Our understanding of and our use of the counseling process (the contradicting, discharging, re-emerging process) has been progressing by leaps and bounds. Substantial numbers of experienced counselors have been taking charge of their lives, handling and triumphing in many difficult and challenging situations, and gaining wide influence and leadership in the process.

Individuals new to Co-Counseling are grasping the advanced techniques and approaches from the literature, and from the instructions and modeling of the successful experienced leaders, very rapidly.
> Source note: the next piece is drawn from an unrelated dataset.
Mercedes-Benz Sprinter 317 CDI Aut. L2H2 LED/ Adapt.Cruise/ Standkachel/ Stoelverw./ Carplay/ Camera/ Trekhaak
There are many signs that re-emergence in the future for new people will not have to be a laborious, difficult procedure as it has often been in the first forty-four years of RC. The last four major advances in techniques (the Exchange of Roles, the "Why do you love me, counselor?", the Reality Agreement, and the "You and me, Elizabeth") have changed the atmosphere in our organized Communities dramatically.

The general understanding that discharge takes place whenever a distress pattern is "contradicted" sufficiently and that "contradiction" consists of anything that allows the client to view the distress as not present time reality provides a never-ending stream of effective techniques in every Co-Counseling (or living) situation where it is applied. From this, we can, at this point, generalize that the basic contradiction which is at the heart of every useful contradiction, is the contradiction between reality and the great mass of recordings which constitute pseudo-reality, whether this pseudo-reality is embodied in the distress recordings and "feelings" of an individual, in false information, or in any of the oppressive functionings of a world-wide oppressive society. This insight becomes explored in the successful operation of "Reality Agreement" counseling. I propose that we extend this exploration further by reference to, and use of, one of the basic insights of our theory.

We have announced, and to some extent have proclaimed, this basic insight over a period of many years. I do not think we have until now grasped and employed it to the extent that is useful. This insight is the one which has resolved the "ancient philosophical dilemma" of Determinism versus Free Will.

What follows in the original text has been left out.